Attack on Turkish soldiers not carried out by Russia or Syria, Lavrov says
A member of the Turkish-backed Free Syrian Army (FSA) patrols in the border town of Jarablus. Photograph: (Getty)
"Russia has nothing to do with this. Neither does the Syrian Arab Republic or its airforce," Lavrov told reporters at a joint news conference after meeting his Turkish counterpart Mevlut Cavusoglu in the Mediterranean resort town of Alanya.
Four Turkish soldiers were killed and nine others were wounded in an air strike on November 24 during a Turkish-backed rebel operation in northern Syria.
Lavrov also said that Russia was ready to speak with all parties in the Syrian conflict.
"Never have we refused contacts with any of the opposition groups. Indeed, it was on our insistance that the clause about the necessity to hold dialogue with all key, political opposition groups was included in the resolution 2254 proposed by the international Syria Support Group," Lavrov said.
Both Turkey and Russia, two of the main backers of opposing sides in Syria's civil war, said they agreed on the need for a halt to fighting and the provision of aid in Aleppo but deep divisions remain between the two countries over the conflict.
Turkish Foreign Minister Mevlut Cavusoglu said Turkey's stance on Syrian President Bashar al-Assad was unchanged.
"Our President (Recep Tayyip Erdogan's) position on (Syrian President Bashar) Assad is clear. We know that Assad is responsible of killing 600,000 people. Sometimes we might have different opinions. This is natural but we agree with Russia on need for ceasefire, humanitarian and political transition," Cavusoglu said.
Russia is the main backer of Assad, while Turkey supports the rebels fighting to oust him.

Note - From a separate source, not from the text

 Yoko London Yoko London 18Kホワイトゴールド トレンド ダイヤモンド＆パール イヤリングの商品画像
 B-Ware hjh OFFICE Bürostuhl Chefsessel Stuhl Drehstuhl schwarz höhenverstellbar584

The rebels have come under siege in eastern Aleppo after rapid advances by Syrian government forces in recent days, bringing them to the brink of a major defeat.
"A ceasefire must be achieved in all of Syria, notably in Aleppo," Cavusoglu said adding Turkey was in agreement with Russia in broad terms on the need for a ceasefire, humanitarian aid and political transition.

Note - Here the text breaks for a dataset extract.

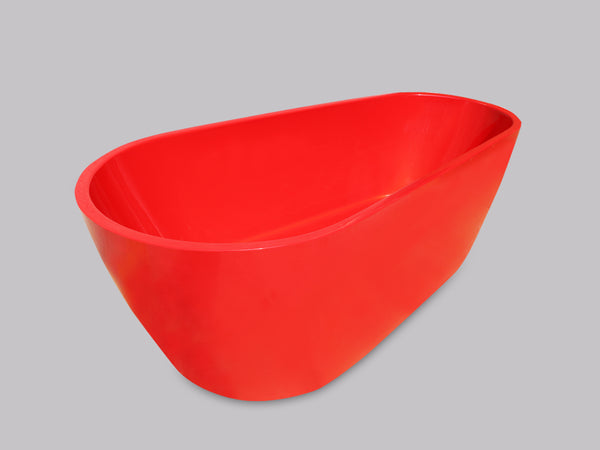 Cada freestanding, MillaEMMA -EMPA ovala red, 170 x 79.5 x 60 cm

Syrian rebels on Wednesday (November 30) vowed to fight on in east Aleppo in the face of sudden government advances that have cut the city's opposition sector by a third.
Turkish President Tayyip Erdogan discussed the situation in Aleppo with his Russian counterpart Vladimir Putin by phone for the third time in a week on Wednesday and agreed on the need for a ceasefire, sources in Erdogan's office said.
While remaining divided on Assad's future, Ankara and Moscow have been trying to find common ground on Syria since a rapprochement in August.